# [Directions]
Reprint all of the data below exactly as shown and skip every image.

# [Source material]
--- START ---

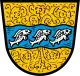 Coat of arms of Isselbach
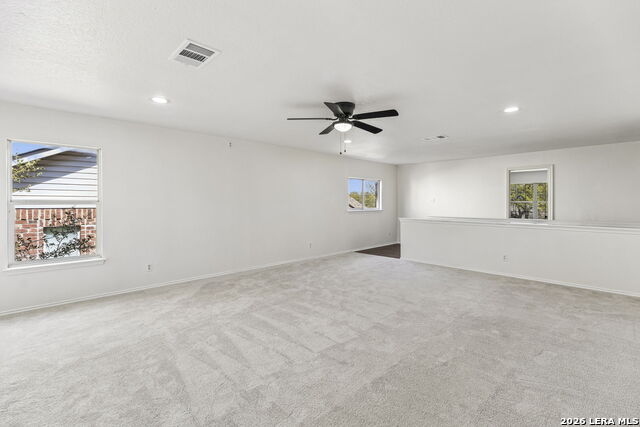 Image 25 of 53 For 22227 Pelican Edge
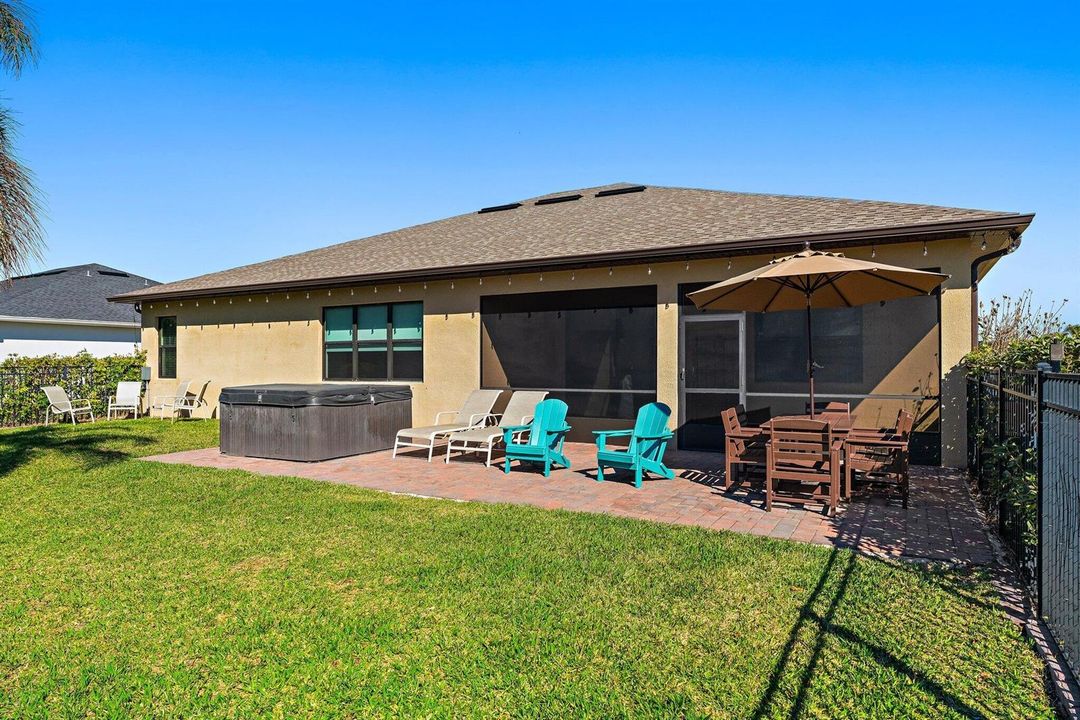 067-6291ArcadiaSquare-VeroBeach-SMALL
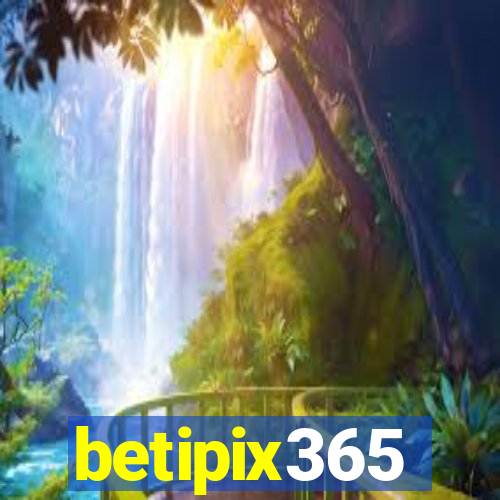 betipix365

--- END ---

# [Solution]
 Coat of arms of Isselbach
 Image 25 of 53 For 22227 Pelican Edge
 067-6291ArcadiaSquare-VeroBeach-SMALL
 betipix365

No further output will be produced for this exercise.